Data shown:
Content starts

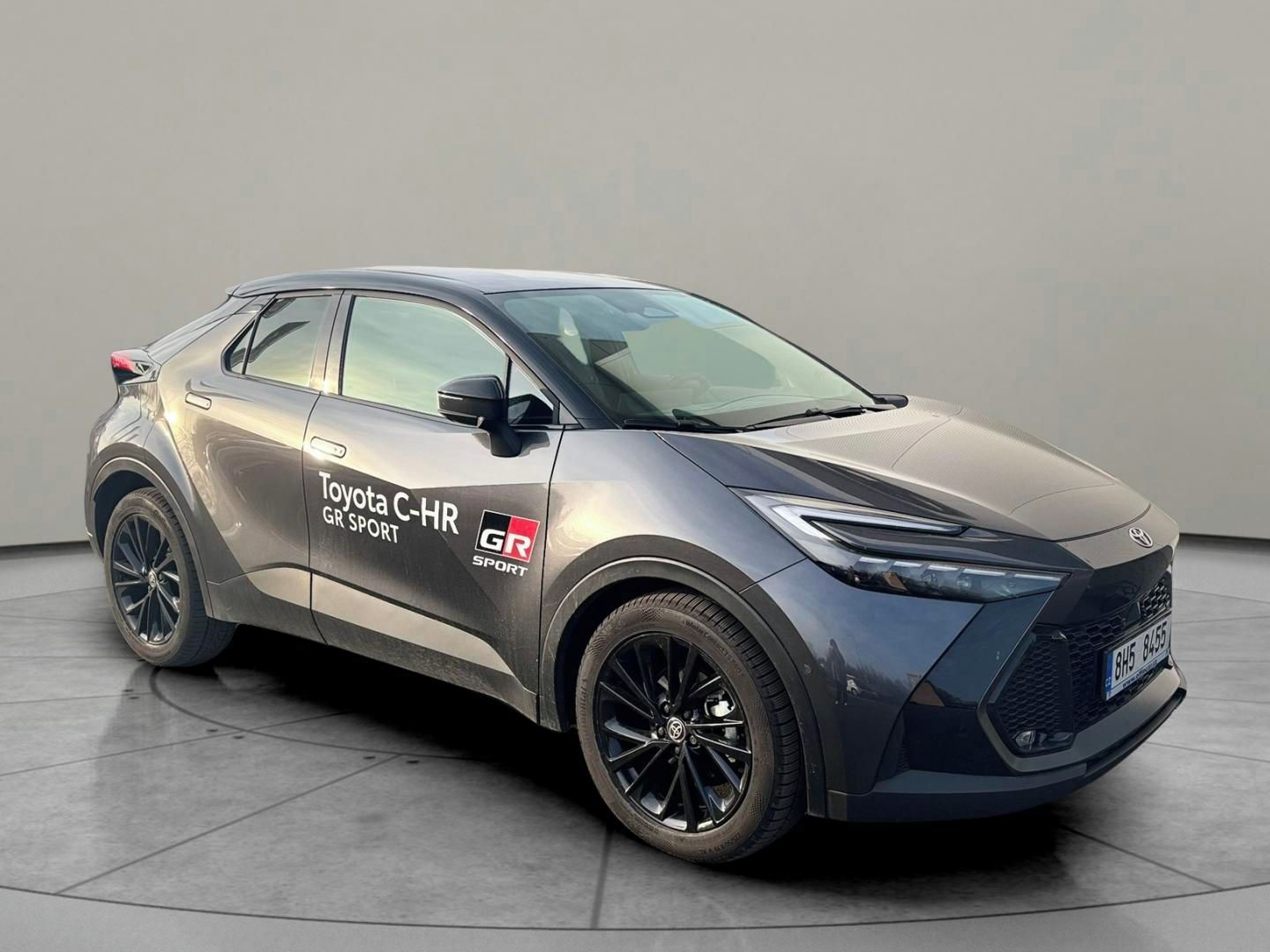 Toyota C-HR, C-HR GR SPORT 2.0 HEV 135kW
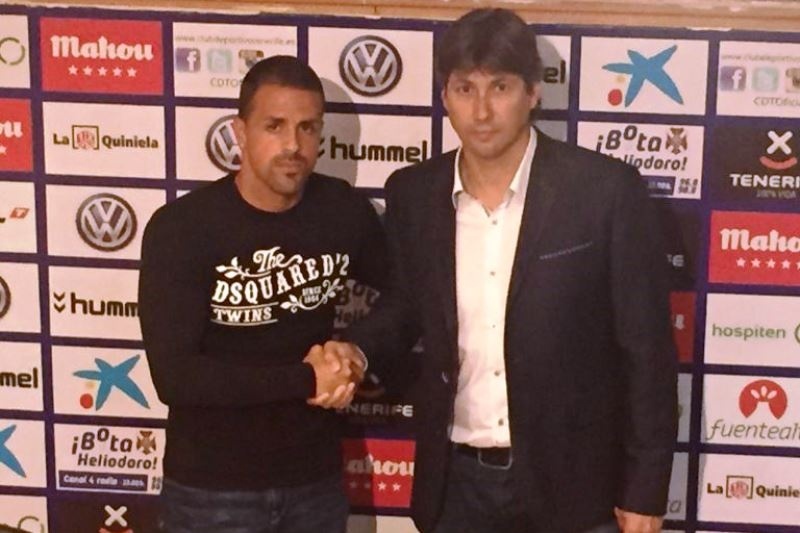 Τελικά έμεινε Τενερίφη ο Βιτόλο!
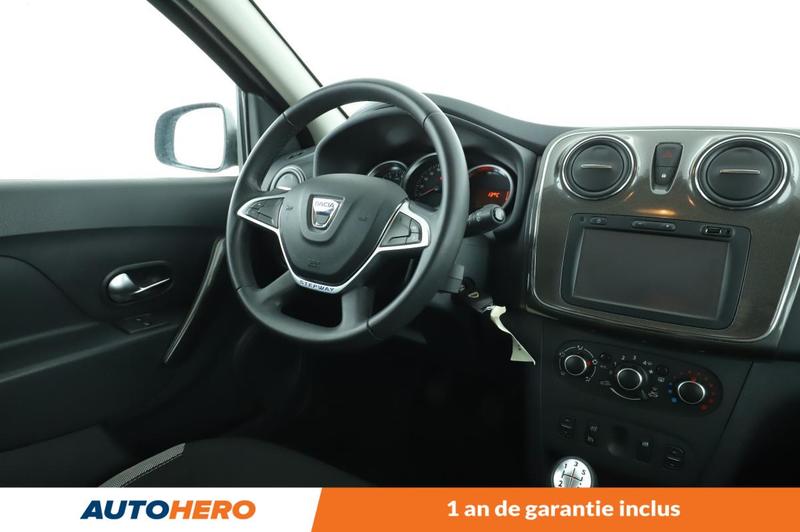 Dacia Sandero II Stepway 1.5 dCi 90 ch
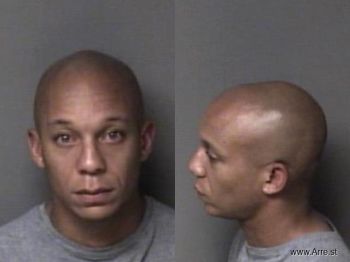 Matthew Sanders Thompson Mugshot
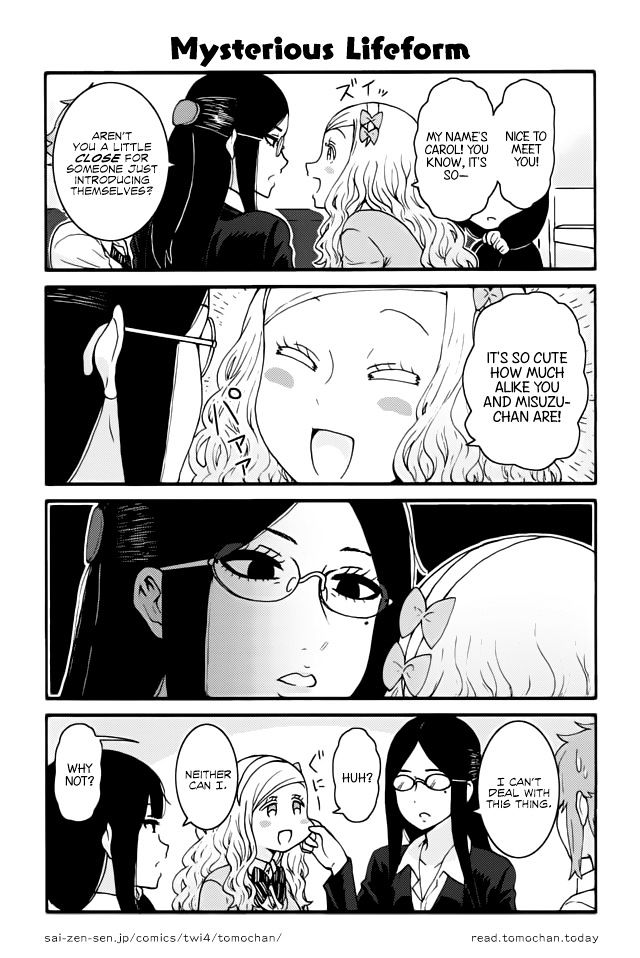 Tomo-chan wa Onnanoko! Chapter 302 page 1 - Chapter 302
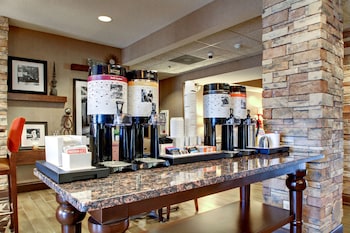 hampton inn ottawa starved rock area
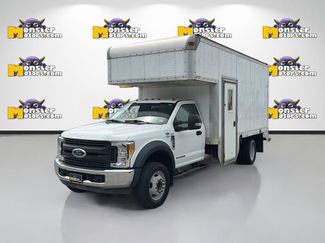 Used 2017 Ford F550 2WD Regular Cab Super Duty video 1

Content ends

Task directions:
Reproduce the lines from the line with "hampton inn ottawa starved rock area" through the last line of the entries exactly, including both ends and excluding pictures.

Answer to this exercise:
 hampton inn ottawa starved rock area
 Used 2017 Ford F550 2WD Regular Cab Super Duty video 1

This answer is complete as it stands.